Dorothy Day

Dorothy Day

November 8, 1897 – November 29, 1980,
American Journalist, Social Activist and Catholic Convert

As a woman it saddens me to see how “journalism” has become nonexistent, especially since women like Dorothy Day gave their lives for the furthering of this once respected calling. Born November 8, 1897, Dorothy’s life journeyed from a bohemian lifestyle to social activist after her conversion to the Catholic faith. In 1933, she co-founded The Catholic Worker, which was a Catholic newspaper promoting social justice issues and eventually she began the Catholic Worker Movement.

Dorothy once quoted,

“I am restless, I have something to give but I don’t know what it is or who I am supposed to give it to.

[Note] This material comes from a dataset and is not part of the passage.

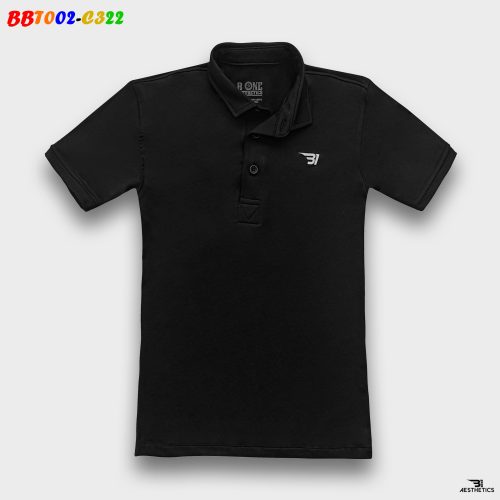 boys black polo t shirt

I know that I want to live fully. I want to do things that no one has ever done before”. Dorothy Day

Dorothy, like many of us today, experienced devastation and many disappointments. However, despite her traumatic abortion, and later on becoming a single mother, she still managed to channel all that suffering to pioneer the path for the poor and unwanted of society, through her House of Hospitality, which grew to feed over 3,000 a day. There really wasn’t anyone Dorothy could or would turn away. Everyone had hope, and everyone’s voice was worth listening to. Dorothy discovered that our past and our experiences can be used for God’s greater good. She knew He could use her nothingness for His Greatness and that her suffering was NOT in vain.

Dorothy was a woman of conscience and conviction. This is the reason why she is my Woman of the Week, because looking to this type of woman as a role model will empower us to move into action for what we believe, that every human being has a voice and deserves better.